Böhmenkirch / Thomas Hehn 08.06.2018

Mitte Mai hatte die Verwaltung die für den Bau des neuen Feuerwehrgerätehauses erforderliche Änderung des Bebauungsplanes „Hungerberg“ noch kurzfristig von der Tagesordnung genommen, weil Anwohner Bedenken wegen des Lärmschutzes und der Parkplatzsituation hatten. Inzwischen seien die offenen Fragen mit den Anliegern in „konstruktiver Atmosphäre“ geklärt worden, versicherte Bürgermeister Matthias Nägele, als das Thema am Mittwoch erneut im Gemeinderat behandelt wurde.

Umstritten bleibt das Projekt aber weiterhin, auch im Gemeinderat: „Ich bleibe dabei: Das ist der falsche Platz. Der ist für zukünftige Entwicklungen viel zu klein“, proklamierte Erwin Lang demonstrativ. Die Parkplätze auf dem Gelände reichten ebenfalls „hinten und vorne nicht aus: Da wird der Friedhof mit belegt.“ Weil auch eine ursprünglich angedachte gemeinsame Lösung für Bauhof und Feuerwehr nicht richtig geprüft worden sei, werde er gegen die Planänderung und damit auch das Feuerwehrhaus – zumindest an dieser Stelle stimmen, konstatierte Lang. Marco Kühn hieb in dieselbe Kerbe: „Hat man den Abstand zum Friedhof geklärt? Die Friedhofsordnung schließt störende Betriebe aus.“ Angesichts der eher seltenen Einsätze sei die Feuerwehr wohl kaum mit einem Gewerbebetrieb zu vergleichen, sagte darauf der Bürgermeister.

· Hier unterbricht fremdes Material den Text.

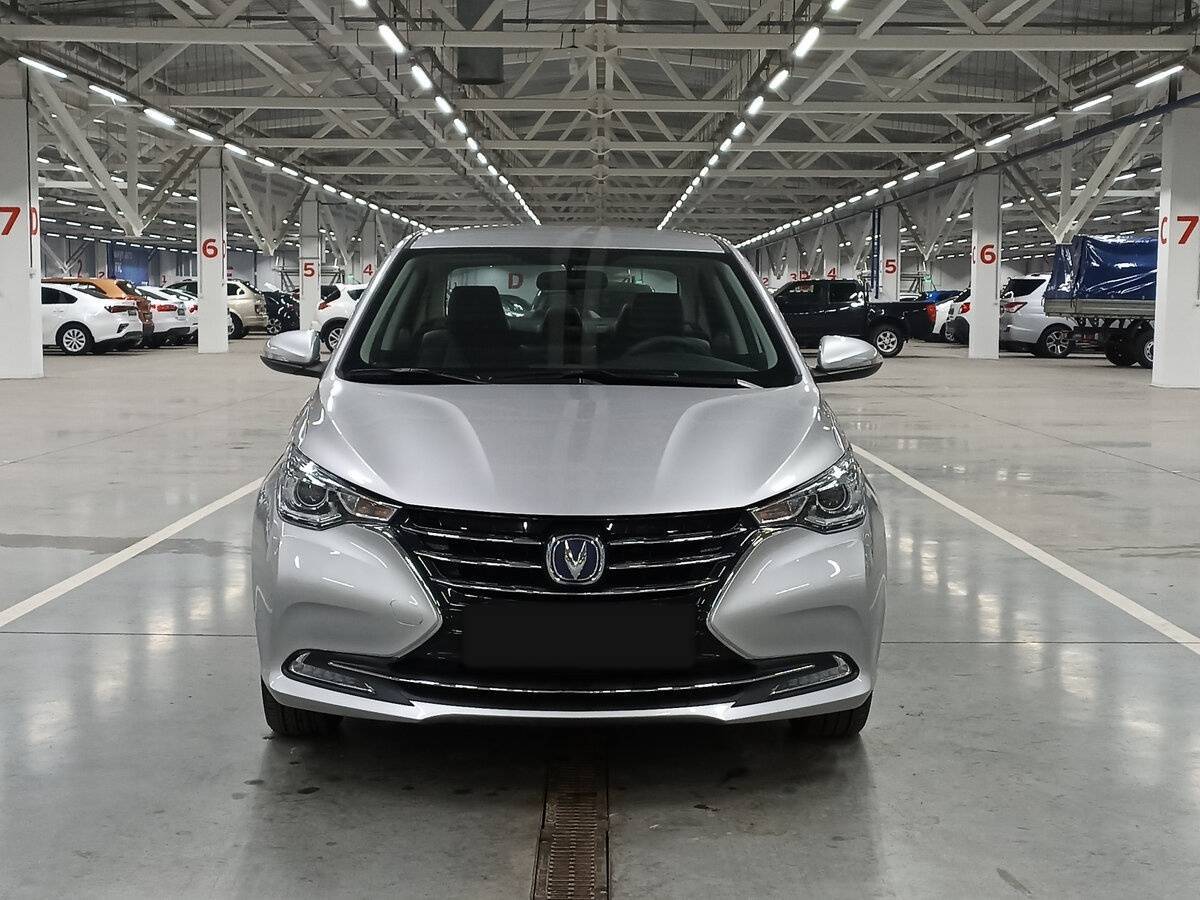 Changan Alsvin, 2023 - 1 975 км. | Фото №2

Alexander Aubele platzte angesichts der erneut aufflackernden Grundsatzdiskussion der Kragen: „Ich kann das allmählich nicht mehr hören. Wir sollten nicht immer alles zu Tode reden“, schimpfte der Gemeinderat und stellvertretende Feuerwehrkommandant. Eine gemeinsame Lösung sei sicher günstiger, dafür habe man im Ort aber keine ausreichend große Fläche gefunden. Generell sei die zentrale Lage und damit die Nähe zum Einsatzort wichtiger, betonte Aubele.

„Habt ihr gangbare, andere Vorschläge“, hielt Philipp Elwert den Kritikern entgegen. Der Bürgermeister wiederum hatte zuvor betont, dass sich für die Anwohner durch die Änderung nichts ändere, was die Festsetzungen im bisherigen Bebauungsplan betrifft. Nach dem mit zwei Gegenstimmen und einer Enthaltung gefassten Aufstellungs- und Auslegungsbeschluss wird der Bebauungsplan nun nach Paragraf 13b Baugesetzbuch im „beschleunigten Verfahren“ geändert. Damit entfallen unter anderem die sonst vorgeschriebene Umweltprüfung und erforderliche Ausgleichsmaßnahmen.